January 22, 2004 at 1:50 am
I pull the data from ORACLE server to my table in MS SQL server. When I start the DTS from Enterprise Manager it works but when I schedule this package it fails. Another tasks in the package are running.
I found in log file this message:
Step Error Source: Microsoft Data Transformation Services (DTS) Data Pump
Step Error Description:The number of failing rows exceeds the maximum specified. (Microsoft Data Transformation Services (DTS) Data Pump (8004202b): TransformCopy 'DTSTransformation__15' conversion error: Conversion invalid for datatypes on column pair 1 (source column 'column1' (DBTYPE_VARNUMERIC), destination column 'column1' (DBTYPE_R8)).)
Step Error code: 8004206A
Step Error Help File:sqldts80.hlp
Step Error Help Context ID:0
In Oracle column1 is datatype number
in SQL Server column1 is datatype float
I tried to use in query round(column1, 3) but doesn't help.
Thanks for help.
January 22, 2004 at 6:58 am
Keep in mind that when you run DTS from Enterprise Manager, the DTS package is actually executing on your workstation, not on SQL Server. When you schedule it to run, it runs as a SQL Server Agent job on the server.

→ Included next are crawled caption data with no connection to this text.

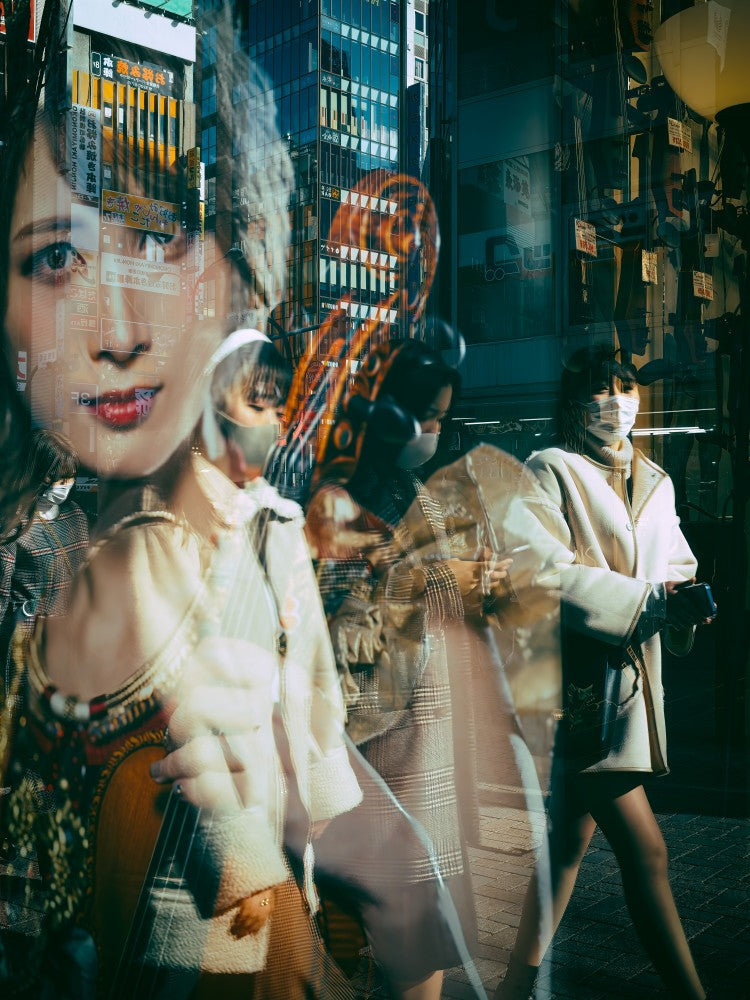 Shinjuku Reflection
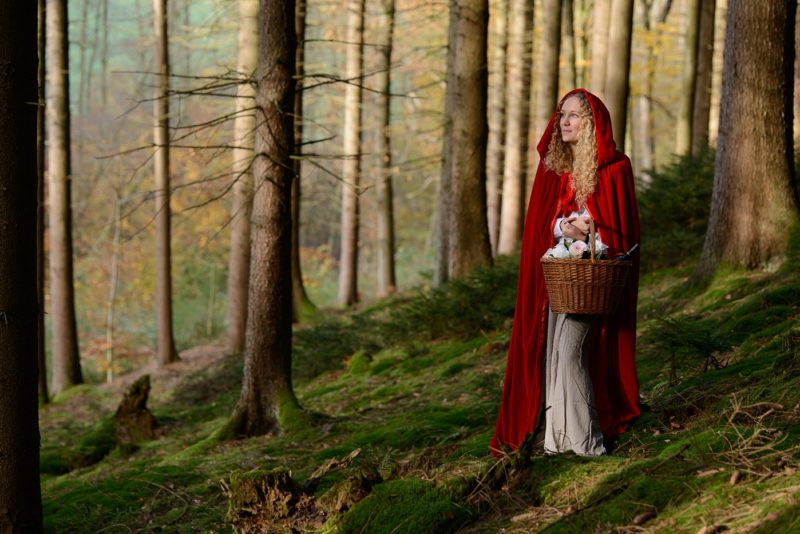 Portraitfoto, Fotoshooting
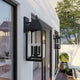 Burton 4-Light Outdoor Wall Lantern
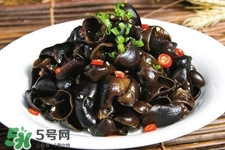 尿酸高可以吃黑木耳嗎？ 尿酸高的能吃木耳嗎？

As to the exact issue with the datatype conflict, I'm not an Oracle person, hopefully one will see this and know the cause.
K. Brian Kelley
@kbriankelley
January 23, 2004 at 1:15 am
Thanks bkelley for answer. I know this but DTS works when I use the Enterprise Manager in Terminal services directly on the server. Then the DTS should use the same data providers as scheduled.
January 23, 2004 at 2:29 am
Hi,
One of the causes for this is that the Oracle datatype number can have a very large precision data type, that is too large for vbscript to handle. (Its actuly an ADO limitation)
When this happens I normaly change my SQL Server column to nvarchar or do a select * into test.
When you see that the select into has created a column of nvarchar for the Oracle number column the precision is too large for the script.
Andy.
January 23, 2004 at 9:28 am
I agree with jordanac. I suggest pumping the oracle numeric data into a SQL varchar column. Then you can simply change the type of that column to float if it is indeed the issue of the precision being to great for ado.